Last week, I wrote an article reflecting on our past. The heart of this article was that we are not a news organization but an intelligence organization. The job of an intelligence organization is not, in my mind, to steal deep secrets but to understand the meaning of what is right in front of you and predict what will come. It is now time to start forecasting the deep future, from roughly the middle of this century to the end. My first major forecast was published in 1996 and written over the prior five years. The forecasts are still operational today, so my ambition is not absurd but merely doubtful. I craft forecasts by writing books. Books give me space to think broadly and time to think about what is going on. What emerges takes little space, a line on what is coming. But it is my books, of which there are five that are the worktable of forecasting, that Geopolitical Futures uses to explain what is happening.
The first step in forecasting is to look at past forecasts and evaluate and criticize them. I will therefore begin a consideration of the future by rereading my books.
I would like to share this process with our subscribers, to give myself another set of critics and to give you a sense of the method I use. I will also lay out the method as I see it for doing this.

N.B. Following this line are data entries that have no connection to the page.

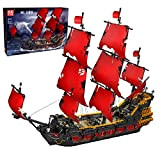 Mould King 13109 Nave Pirata Kit di Costruzione, 3139 Pezzi Grandi MOC Nave Pirata Modello Blocchi da Costruzione (Confezione Originale)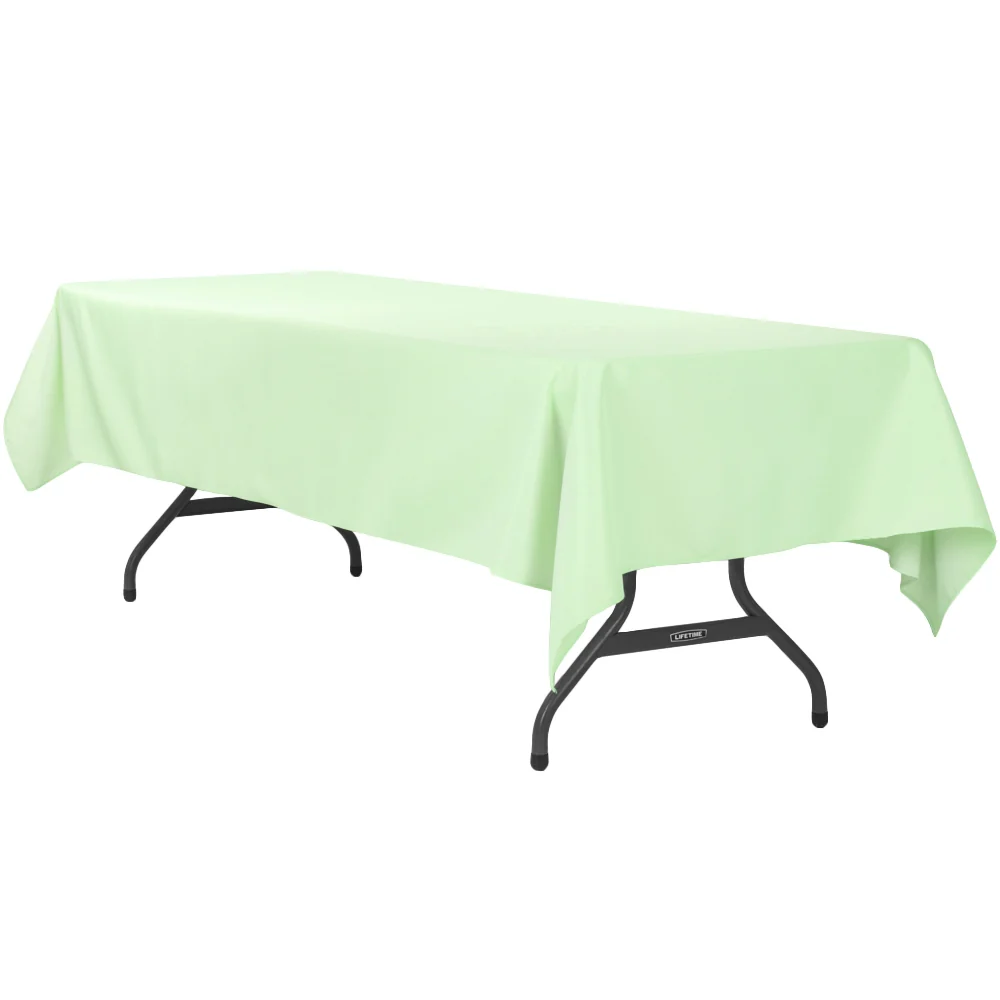 60"x120" Rectangular Premium Polyester Tablecloth - Mint Green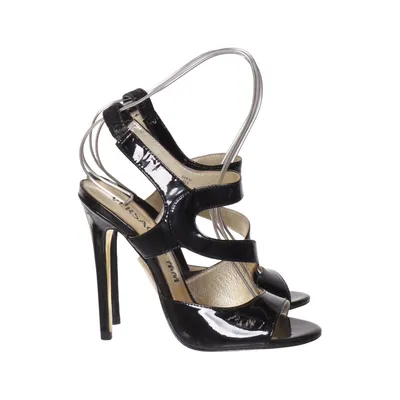 Sandaletten (Zwart) van Versace for H&M Leer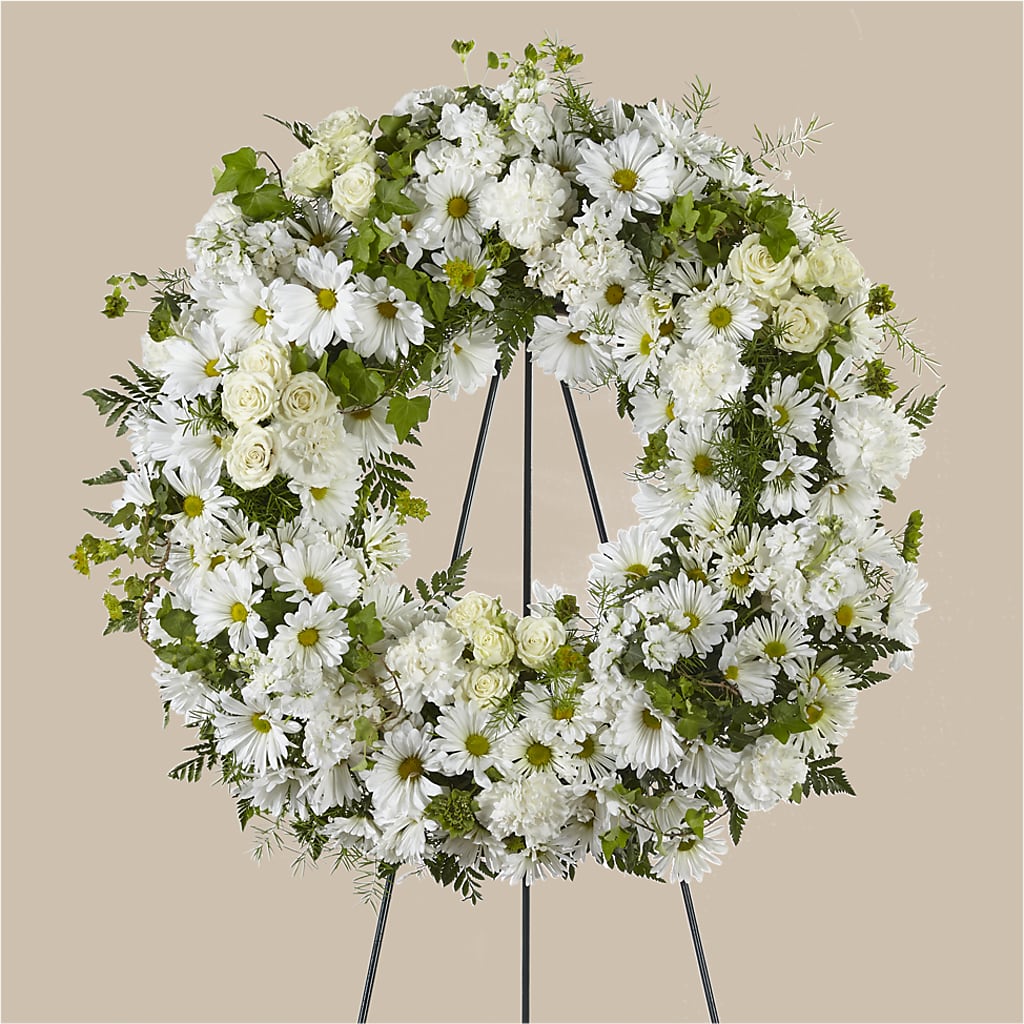 Faithful Wishes Wreath – La Maison De Fleur, Pierre Part LA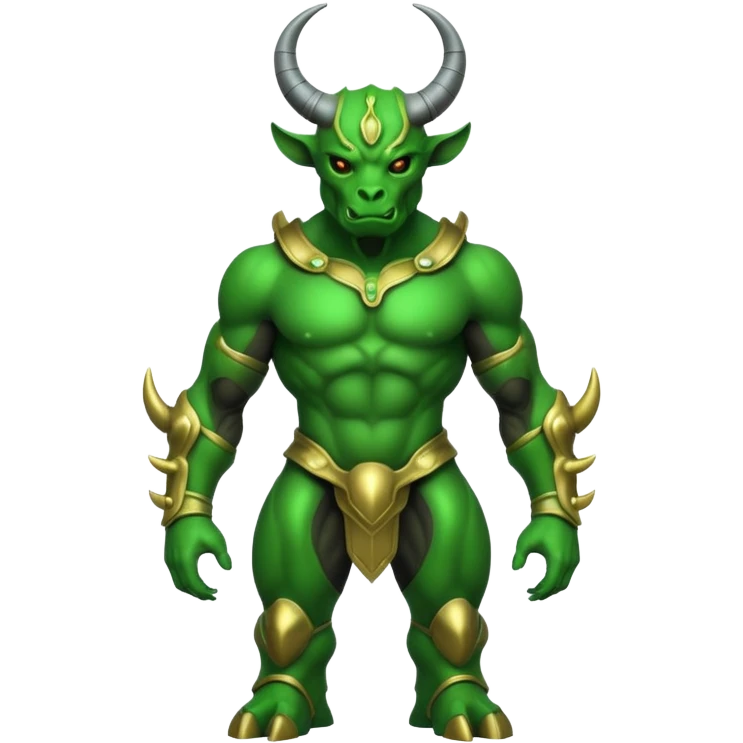Alien minotaur emoji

The five books contain core forecasts. Each week I will extract and evaluate what I believe are the most important forecasts from one book and share those with you. After about five weeks we will summarize these forecasts, and then spend a couple of weeks talking about our method and how to adjust it – sometimes in emails, sometimes in ClubGPF discussions.
Then, approximately two months after beginning this process, we will turn to forecasting the future. Again. Feel free to hit the delete button if this is not of interest to you. But I’d enjoy your company on this ride if you care to join me. Obviously, I will continue to do my day job: analyzing geopolitics. But it is time to key in on our vital job, which is developing geopolitical futures.
“The Future of War” was the book that began my forecasting process, although I didn’t know it at that time. “The Future of War” was published in 1996, but we started writing it in 1992. It is the book I am proudest of, both as my firstborn and as the work responsible for my most cherished professional moment.
“The Future of War” pivoted on two events. One was the collapse of the Soviet Union. The other was Operation Desert Storm. The geopolitical conclusion I drew was that “The 21st century is the American century.”
Many at the time made the argument that the fall of the Soviet Union would dramatically reduce hostile competition among nations, so my view was seen by many as primitive thinking. Most important, I both dismissed the idea that the Soviet Union’s fall meant an era of peace and affirmed that the U.S. would dominate the world. It was one or the other.
I think this first forecast was accurate, but the problem is that so much was left out. For example, there is nothing about economics or other parts of geopolitics that emerged in my work over the coming years. My focus in this first book was on forecasting war. The book contains various forecasts on the use of weapons in the future with many technical details. It was also my first hint that I might have a future in this racket. In response to this book, I received two reviews, featured on the cover:
“Revolution in modern warfare is upon us. George and Meredith Friedman have provided us an important insight into many of the critical elements of that revolution and their possible implications. There are no answers, but there is one certainty. It is in America’s national interest to have the debate about where technology is taking us and to then resolutely put policies, doctrine, and budgets in place to protect our country. This book is an important element in that debate. I strongly recommend it.” – Adm. Bill Owens, Ret. Vice Chairman of the Joint Chiefs of Staff
And
“We will be hearing a great deal more about this book as time goes on. It is one of those rare watershed documents in a class with the works of Guilio Douhet, B.H. Liddell Hart and Herman Kahn. It is a benchmark piece of work. Competitors and critics alike will find themselves obliged to deal with it one way or another.” – Maj. Gen. Edward B. Atkeson, Army Magazine
I know that it’s bad manners to brag and I try not to. In remembering and writing about “The Future of War,” I was compelled to sin. Forgive me. But my real interest was how the wars I foresaw would reshape geopolitics. And that was a different place to be.